A 43-year-old man presented with a 27 year history of mental debility, fatigue and headache among other symptoms () associated with ejaculation and orgasm during any form of sexual activity. Involuntary nocturnal emission also produced it. The syndrome occurred 20 min after sexual activity and lasted for exactly 72 h. During this 72 h the pounding headache was constant and with other symptoms impacted on his ability to function. It would switch off after 72 h as quickly as it started. If the patient underwent sexual activity every 3 days, which was not usual, he would never be free of symptoms.
The patient’s past health was good. He had two psychiatric assessments in 1981 and 1996, and three neurological assessments in 1996 and 1997, with a tertiary referral being made to the national Hospital for Neurological Diseases. He has been fully investigated with 24 h electroencephalogram (EEG), magnetic resonance imaging (MRI) and magnetic resonance angiography (MRA) scans of the brain and numerous blood tests. No abnormality or reason for his symptoms could be elucidated.
When he attended this medical centre he was keen to seek further help. Propranolol 10 mg twice daily was prescribed prophylactically at this time but the patient did not persevere with treatment.
He presented again 3 years later, in July 2008. He said he had both good news and bad news. Firstly, 8 weeks into his wife’s and the patient’s own first pregnancy, sexual activity no longer brought on his syndrome. After the baby was born, however, his condition fully returned.
At 8 weeks serum progesterone values rise greatly in a pregnant women and similarly fall after delivery. The patient had done his own research and wanted me to prescribe progesterone. His condition was now also a stress for his wife. I was reluctant to prescribe oral progesterone to a relatively young male. Instead I prescribed progesterone cream 8% which I suggested he apply around the nostril and upper lip area daily. This proved to be ineffective as did a subsequent prescription of a trial of the dopamine agonist, bromocriptine 2.5 mg daily.
In October 2008 I agreed to prescribe oral progesterone. The patient signed a letter of consent after a discussion of possible side effects. I prescribed norethisterone 5 mg (10 tablets). He was to take a tablet around 30 min before sexual activity.
When I saw him again 4 months later, the treatment had been very successful with complete prevention of his attacks. He had obtained a further supply of norethisterone from a colleague at the medical centre in the interim as I was not available, and was “pleased beyond words” (sic.).
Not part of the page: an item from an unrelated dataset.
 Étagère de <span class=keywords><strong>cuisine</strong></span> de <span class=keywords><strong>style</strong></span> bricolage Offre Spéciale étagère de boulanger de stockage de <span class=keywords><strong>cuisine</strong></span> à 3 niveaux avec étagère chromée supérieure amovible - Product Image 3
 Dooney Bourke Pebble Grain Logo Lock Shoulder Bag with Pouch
He said if he took a norethisterone tablet before the attack it alleviated his symptoms 95%, with only a background headache remaining for about 24 h.
He then usually took a further 5 mg norethisterone daily for the following 2 days to alleviate the residual symptoms and negate the possibility of his symptoms regenerating, although it is not clear in this regard if the extra medication was necessary.
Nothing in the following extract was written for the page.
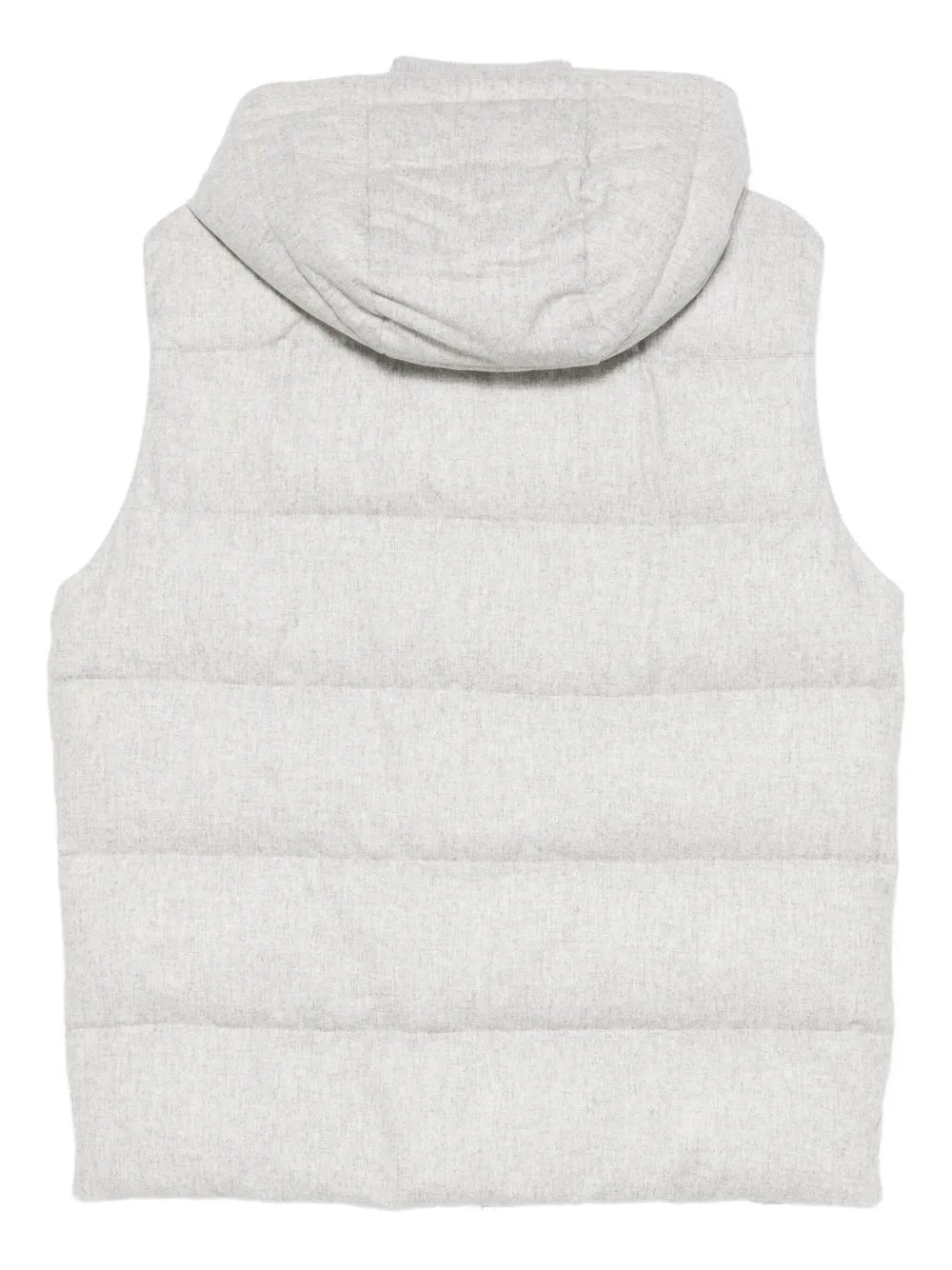 hooded quilted gilet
On several occasions he took 10 mg norethisterone within a few minutes after sexual activity, but less than the latent period, and his syndrome did not manifest at all.
Over a 9–10 month period norethisterone was consistently effective. The patient was relieved of more than 30 episodes of his syndrome by the progestogen without exception.
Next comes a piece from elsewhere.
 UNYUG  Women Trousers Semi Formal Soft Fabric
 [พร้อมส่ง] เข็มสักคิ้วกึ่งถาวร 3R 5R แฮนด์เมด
Correspondence from Merck, the manufacturer of norethisterone, at this time confirmed there were no known harmful side effects in males.
During the compilation of this report the patient’s partner became pregnant again. Once more the patient found his condition spontaneously relieved 8–10 weeks into the pregnancy.
It was arranged to take blood from the patient to measure his serum progesterone during his wife’s pregnancy.